Oh, there that bit in Paris where Emily conveniently staggers into a lesbian bar, befriends a wild French homo, goes out to a bar and ends up watching a lesbian orgy. It's not nearly as awesome as it sounds.
Plus, every woman in this books comes in about thirty seconds. Either Ali C is a virgin or every Northern Hemisphere lady have a tongue like a jack hammer.
Naomi and Emily aren't the worst, though.
The Three musketeers are boring, Panda gets kicked out of home and is an even bigger moron than she is on the show (yes, really) but nothing compares to what Cruelle Di Cronin does to poor Effy and Katie.
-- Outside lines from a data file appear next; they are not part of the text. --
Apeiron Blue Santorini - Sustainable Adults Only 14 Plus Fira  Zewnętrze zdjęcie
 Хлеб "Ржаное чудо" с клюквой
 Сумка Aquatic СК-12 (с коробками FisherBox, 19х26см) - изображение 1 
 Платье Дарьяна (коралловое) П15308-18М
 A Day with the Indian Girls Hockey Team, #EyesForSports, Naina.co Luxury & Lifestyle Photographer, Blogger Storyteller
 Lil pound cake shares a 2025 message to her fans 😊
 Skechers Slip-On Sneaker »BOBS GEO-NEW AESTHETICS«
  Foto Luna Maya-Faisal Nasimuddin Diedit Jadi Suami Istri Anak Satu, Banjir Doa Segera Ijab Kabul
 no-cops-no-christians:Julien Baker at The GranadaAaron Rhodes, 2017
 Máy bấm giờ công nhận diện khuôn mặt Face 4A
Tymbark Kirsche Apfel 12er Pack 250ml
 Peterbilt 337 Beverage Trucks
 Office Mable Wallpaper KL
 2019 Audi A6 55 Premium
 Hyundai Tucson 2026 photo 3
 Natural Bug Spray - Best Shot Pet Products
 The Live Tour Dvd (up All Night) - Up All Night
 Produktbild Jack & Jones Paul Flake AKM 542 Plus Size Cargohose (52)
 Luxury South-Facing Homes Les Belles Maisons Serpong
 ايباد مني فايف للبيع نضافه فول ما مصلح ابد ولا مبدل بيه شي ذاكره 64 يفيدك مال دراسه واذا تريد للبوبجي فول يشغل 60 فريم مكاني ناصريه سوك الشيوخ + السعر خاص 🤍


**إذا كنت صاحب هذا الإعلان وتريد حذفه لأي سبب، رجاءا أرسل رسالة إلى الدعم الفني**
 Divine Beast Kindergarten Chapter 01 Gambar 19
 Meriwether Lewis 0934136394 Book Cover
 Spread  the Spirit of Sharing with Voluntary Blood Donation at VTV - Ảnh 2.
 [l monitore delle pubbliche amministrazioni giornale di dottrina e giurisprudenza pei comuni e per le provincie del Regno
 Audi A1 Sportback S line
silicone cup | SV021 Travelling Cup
So, Katie is lonely. Which she tells us. Again and again. And then some more for the mentally challenged among us. Then, she goes and finds Effy. I just....I've been in the sun all day so I'm tired but I will carry on because this is beyond belief. Katie visits Effy and like- doesn't call her a fucking child prostitute boy-friend stealing cunt. In fact, the rock incident is barely brought up at all, and neither is Freddie. despite this being the first time they've seen each other since. Not only that, but Effy is a giant emo cunt who isn't apologetic at all and thinks Katie is in the way for her new conquest, the Italian love machine, Aldo. I just.....I have no words. I am word adjacent. Oy. What show did Ali C..oh that's right, she just borrowed JB's cliff notes. FAIL.
It's not even funny! Katie only made ONE incest crack. God, what a wasted opportunity.
This belongs on fan fiction net. It's...tripe. Terrible, terrible, tripe Worse than I expected. Much, much, worse.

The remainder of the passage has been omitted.